PROBLEM DETAILS
Each line below is to be copied exactly; images do not go into the copy.

[[ DATA FOR THIS TASK, beginning ]]

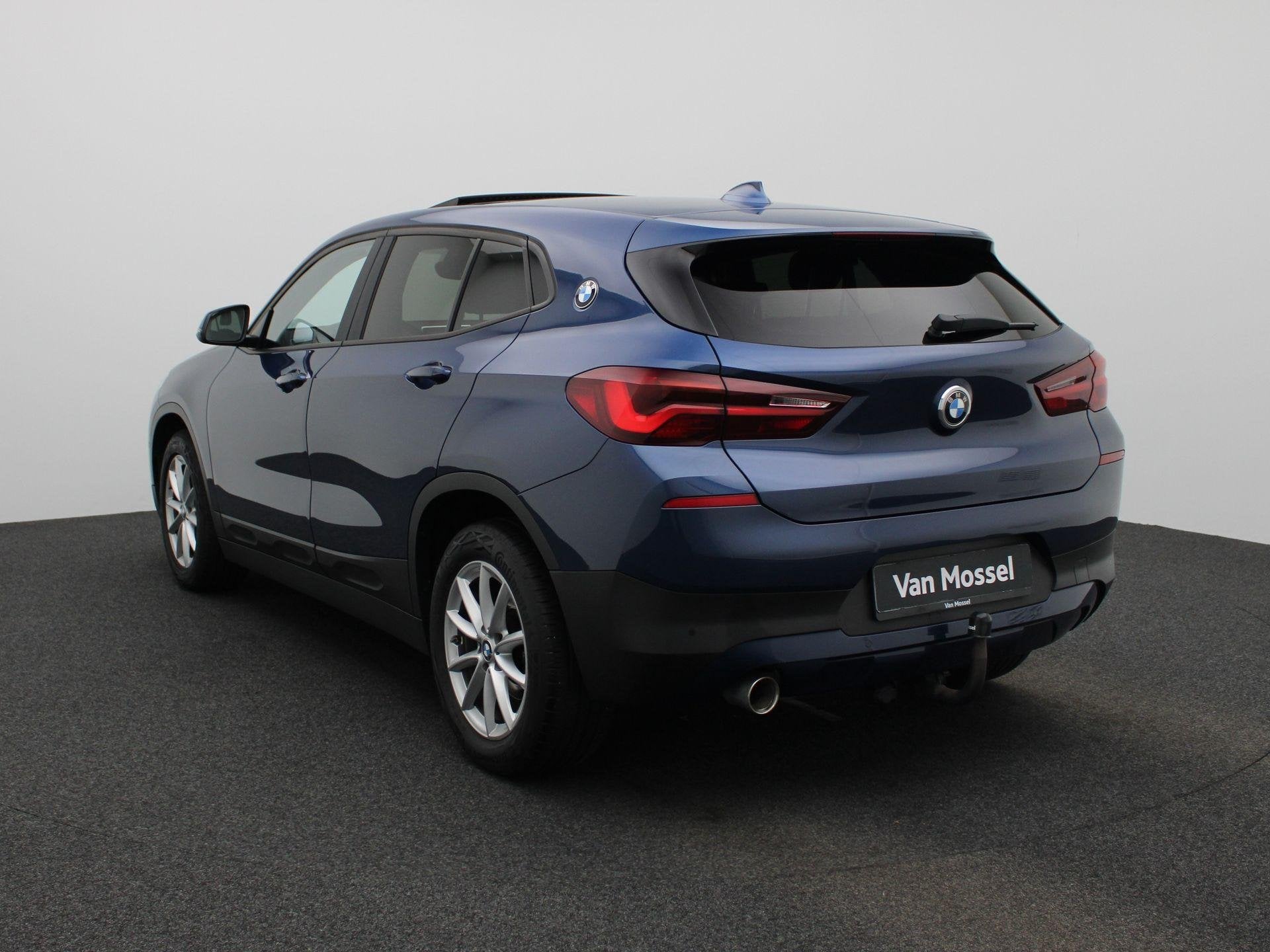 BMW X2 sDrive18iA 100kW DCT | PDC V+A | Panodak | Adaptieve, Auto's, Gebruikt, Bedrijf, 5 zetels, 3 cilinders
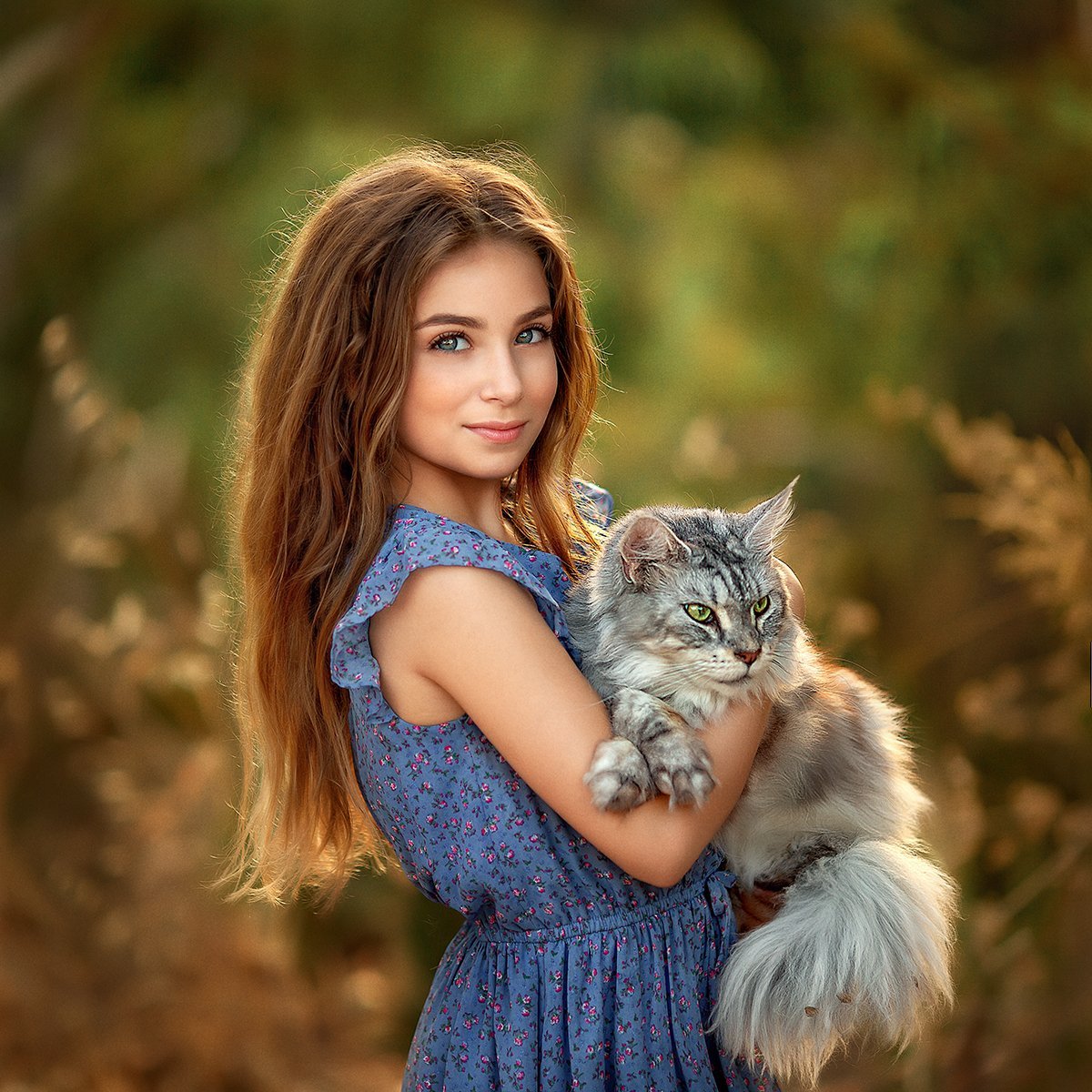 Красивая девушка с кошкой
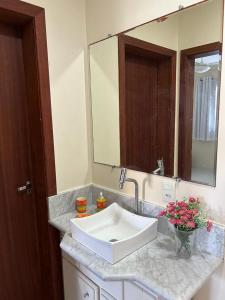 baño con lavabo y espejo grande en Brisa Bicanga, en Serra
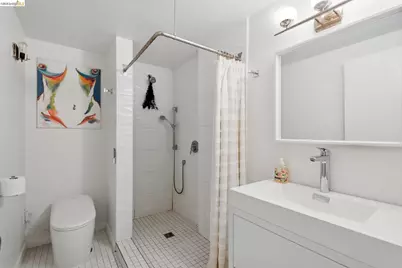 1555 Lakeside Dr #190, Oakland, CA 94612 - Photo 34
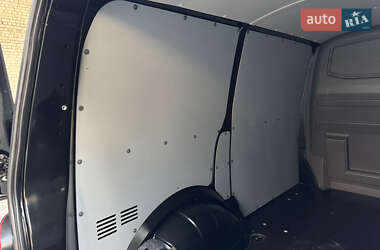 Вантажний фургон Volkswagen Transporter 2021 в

[[ DATA FOR THIS TASK, end ]]

EXERCISE OUTPUT
 BMW X2 sDrive18iA 100kW DCT | PDC V+A | Panodak | Adaptieve, Auto's, Gebruikt, Bedrijf, 5 zetels, 3 cilinders
 Красивая девушка с кошкой
 baño con lavabo y espejo grande en Brisa Bicanga, en Serra
 1555 Lakeside Dr #190, Oakland, CA 94612 - Photo 34
 Вантажний фургон Volkswagen Transporter 2021 в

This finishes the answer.